**Your goal:**
In your copy of the data, include no pictures and alter nothing else.

**Material supplied:**

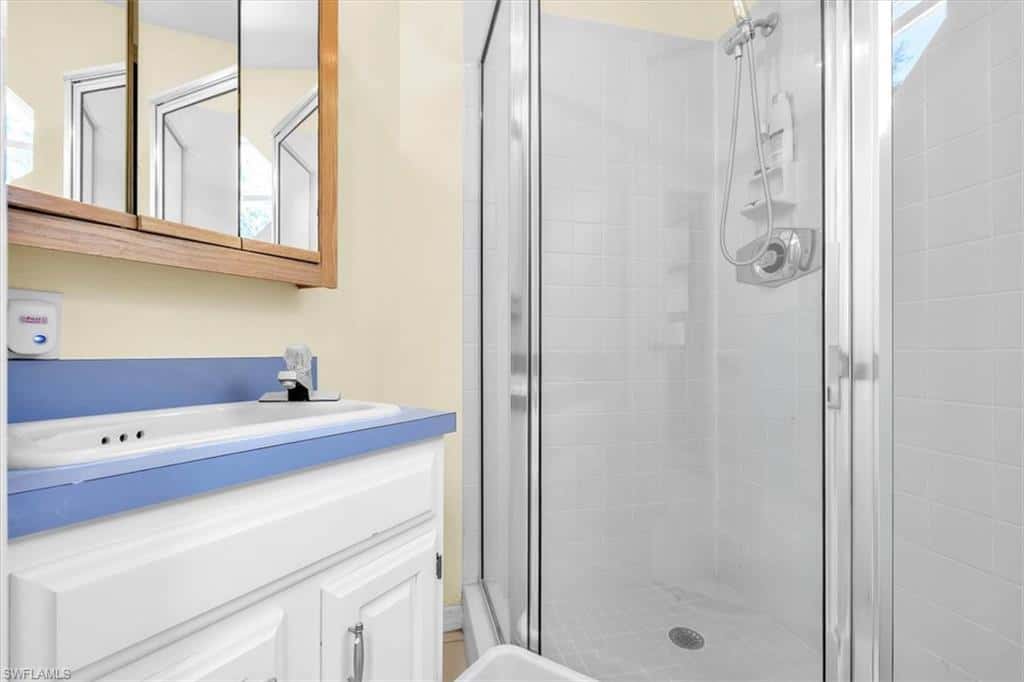 6600 Ilex Cir, Naples, photo 43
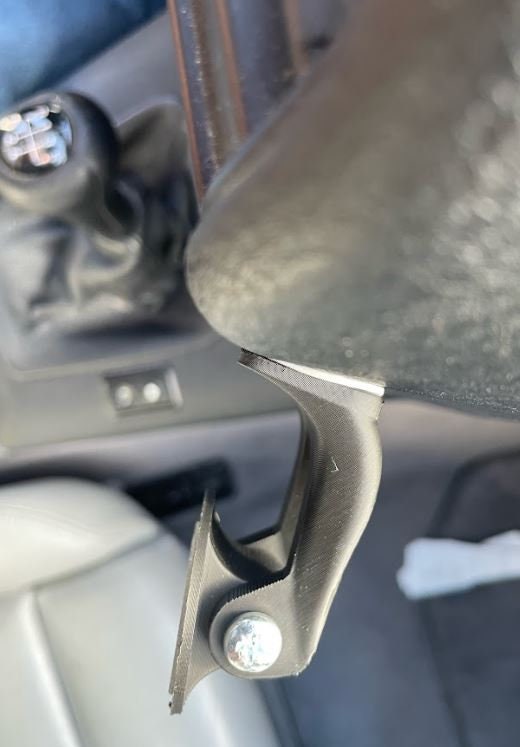 BMW E36 Magsafe phone mount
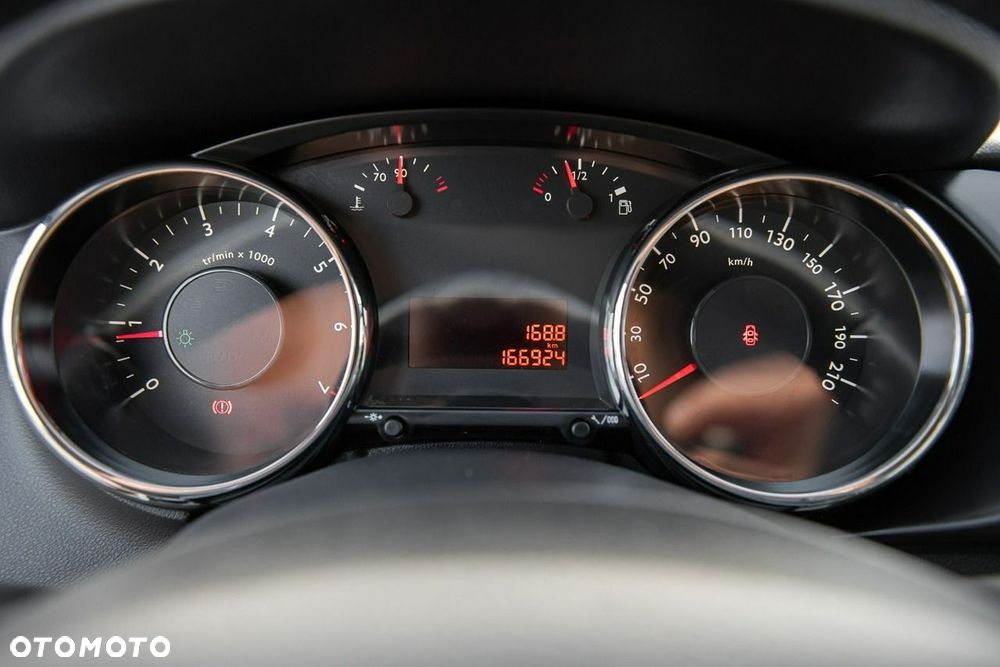 Peugeot 3008 120 VTi Premium - 27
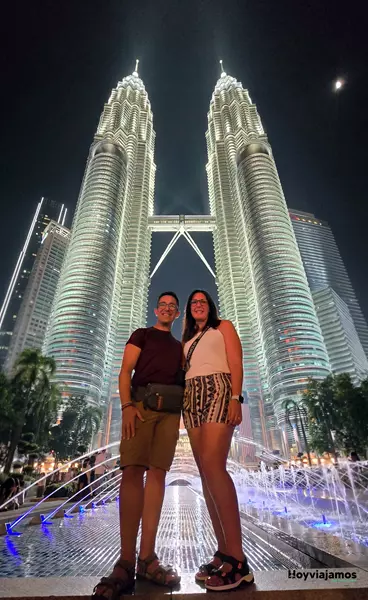 Juanvi y Sandra frente a las Torres Petronas de Kuala Lumpur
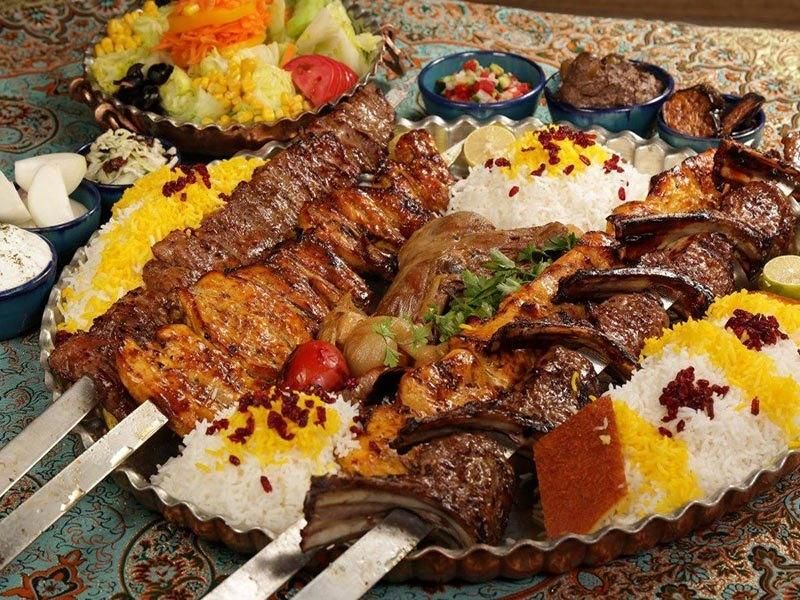 استخدام کمک آشپز ایرانی حرفه‌ای|استخدام خدمات فروشگاه و رستوران|تهران, شهران جنوبی|دیوار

**Answer for the task:**
 6600 Ilex Cir, Naples, photo 43
 BMW E36 Magsafe phone mount
 Peugeot 3008 120 VTi Premium - 27
 Juanvi y Sandra frente a las Torres Petronas de Kuala Lumpur
 استخدام کمک آشپز ایرانی حرفه‌ای|استخدام خدمات فروشگاه و رستوران|تهران, شهران جنوبی|دیوار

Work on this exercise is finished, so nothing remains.